Hacemos lo que podemos, con lo que podemos. Algunos terminan pinchando horas en una aseguradora, y de ahí sacan libros aterradores, que te dejan tumbado, como los de Kafka. Faulkner se las apañó también como pudo, siendo cartero, pintor de brocha gorda, dependiente de librería, portero de prostíbulo, un sinfín de oficios de poca mota, todos ellos regados con bastantes botellones, para pasar el mal trago.

Otros, se hacen gran reportero, empuñan la cámara. Van de una guerra a otra, y de ahí sacan novelas, como el americano Hemingway. El irlandés Beckett, que se las codeó con Joyce, decía que la vida es un caos entre dos silencios. Que sólo hay dos certezas: una es saber que has nacido, y la segunda, saber que has de morir. Y, así sin rumbo vamos. A veces un vagabundo se te cruza de por medio, como le pasó a Samuel, ahí por Montparnasse, y le clava, sin razón, un cuchillo a escasos centímetros del corazón.

"Y así, ya bordeando el abismo, escribes algo imposible, un júbilo, una jabalina, que plantas en el corazón del olvido. De un zarpazo, le rajas la cara a la muerte"

No hay fórmula, no hay reglas, el rey, como escribe Michon, viene cuando le da la gana. Y luego, un día, con suerte, te cae encima la vejez. Te transformas en un ser de lejanía, alejado de todos, de todas, mientras el espanto sube como el agua en un pozo. Estás hundido en esa soledad del toro cuando irrumpe en el ruedo, la gran diferencia con el animal es que tú sabes lo que ahí te espera, pero eres igual que él, cuando te paras y miras a los ojos de la cámara, de los tenderos, y lo que ahí brilla es oro. Porque hasta el final, lo quieres reventar el capote, clavar las aspas en las estrellas, por eso meneas el rabo, escupes humo.

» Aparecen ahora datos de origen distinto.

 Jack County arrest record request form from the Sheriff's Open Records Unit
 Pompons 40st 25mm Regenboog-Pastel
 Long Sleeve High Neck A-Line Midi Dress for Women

Y así, ya bordeando el abismo, escribes algo imposible, un júbilo, una jabalina, que plantas en el corazón del olvido. De un zarpazo, le rajas la cara a la muerte. Es lo que acaba de hacer Pierre Michon, con J’écris l’Iliade, Escribo la Ilíada. Lo hace con la alegría del que sabe que no hay vuelta atrás, que puedes, tienes que quemar todos los navíos, que este es el último asalto, con casco puesto, con el escudo empuñado, la espada levantada. Lo sabes, no queda otra que lanzarse contra la muralla, no queda otra que darlo todo, bailar, escribir hasta la sangre.

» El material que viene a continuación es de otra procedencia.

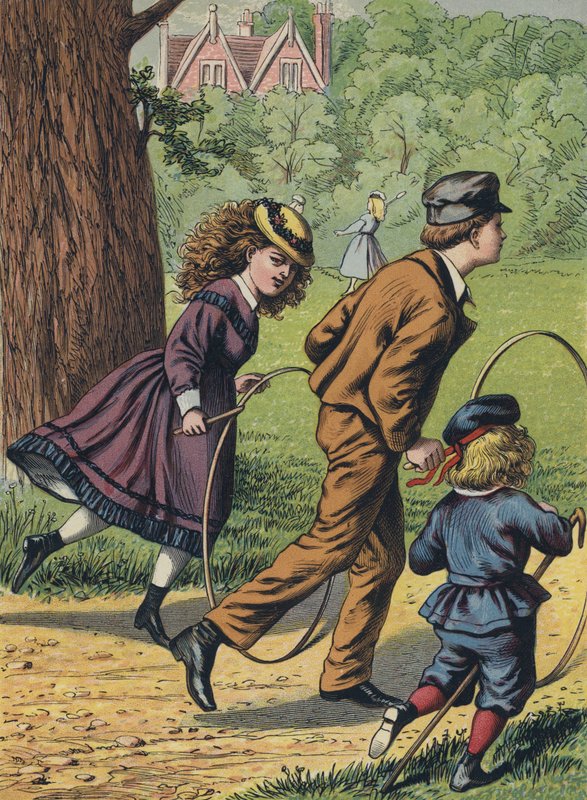 Karikákkal játszanak a parkban (színes lithó) alkotó: English School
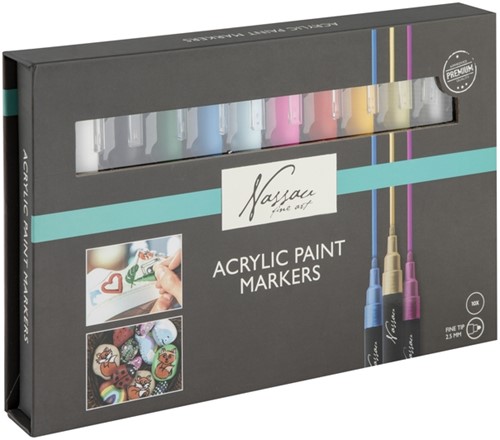 Acrylmarker Nassau set à 10 kleuren 1 Doos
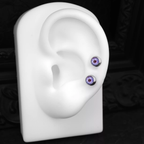 Demon Eye Ball Stainless Steel Ear Stud - Demon Eye Ball Stainless Steel Ear Stud - Red / Single / 6mm by CRUXJEWELRY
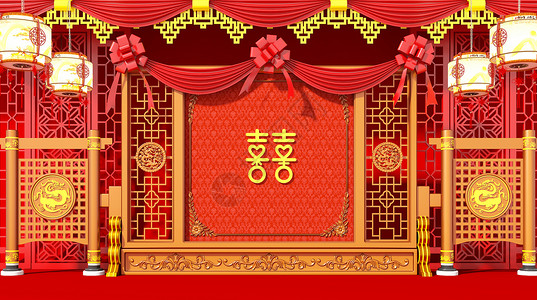 金色灯笼新装饰中式婚礼背景设计图片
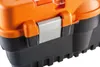 A close-up view of the latch and upper section of an orange and black toolbox. Produktbild-Vorschau
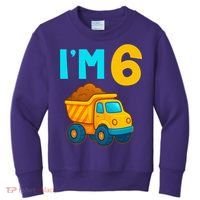 6th Birthday Cartoon Dump Toy Truck Construction I'M 6 Six Kids Sweatshirt thumb 0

"La escritura no es un ejercicio de peluches ni para caniches. Es algo salvaje, que te debería, cuando es literatura, poner los pelos de punta"

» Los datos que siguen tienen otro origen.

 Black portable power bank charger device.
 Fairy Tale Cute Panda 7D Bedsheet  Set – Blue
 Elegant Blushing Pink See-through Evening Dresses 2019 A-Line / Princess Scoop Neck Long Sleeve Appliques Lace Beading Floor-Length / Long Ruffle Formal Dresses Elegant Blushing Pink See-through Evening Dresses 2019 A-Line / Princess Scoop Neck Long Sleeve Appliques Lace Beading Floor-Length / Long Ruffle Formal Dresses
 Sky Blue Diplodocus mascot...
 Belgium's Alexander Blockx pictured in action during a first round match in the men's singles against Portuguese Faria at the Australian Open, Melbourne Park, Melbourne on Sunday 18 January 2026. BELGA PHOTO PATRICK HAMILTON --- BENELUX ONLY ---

Y ahí lo tiene dándole un último brochazo a su leyenda, en una despedida alegre, erótica, sin tapujos. No tiene piedad de nada ni de nadie, incluso de ese autor venerado que es él mismo, metiéndose de manera descarada con esa figura del autor, de la obra, a cada página está el estilo, apabullante, un bullicio de verbos, de frases que te dejan tirado, y te levantan al siguiente tropiezo. El júbilo alcanza su cúspide cuando, ya en los últimos capítulos, va echando a la hoguera todos los libros que ha amado, que han hecho lo que ha llegado a ser, uno de los escritores más fuertes que hayan dado las últimas décadas.

La escritura no es un ejercicio de peluches ni para caniches. Es algo salvaje, que te debería, cuando es literatura, poner los pelos de punta. Lo deberíamos hacer siempre erguido, como el que da el asalto, como el que amarra contra el tronco, la gaita, la jabalina, el escudo, lo que sea para que la vida no se queda quieta. Es lo que acaba de hacer el dramaturgo libanés Wajdi Mouawad, en el Collège de France, en París, con un puñado de lecciones que te dejan boca y abierta. Es lo que acaba de hacer el Caravaggio en el año de jubileo, en una retrospectiva en Roma que reúne casi todas sus obras.

Para tumbar la muerte no necesitas una armada. Solo un libro, una novela, una tragedia, o un lienzo. Y ahí la tienes desangrándose por el monte, con el rabo entre las piernas. Cierto volverá, pero no hoy, no mientras estemos vivos. Y el arte es lo que hace, nos mantiene en vida, se nos abraza al cuello, se nos mete por los ojos, por la boca, como un beso, como un cielo, como la canícula del verbo morir.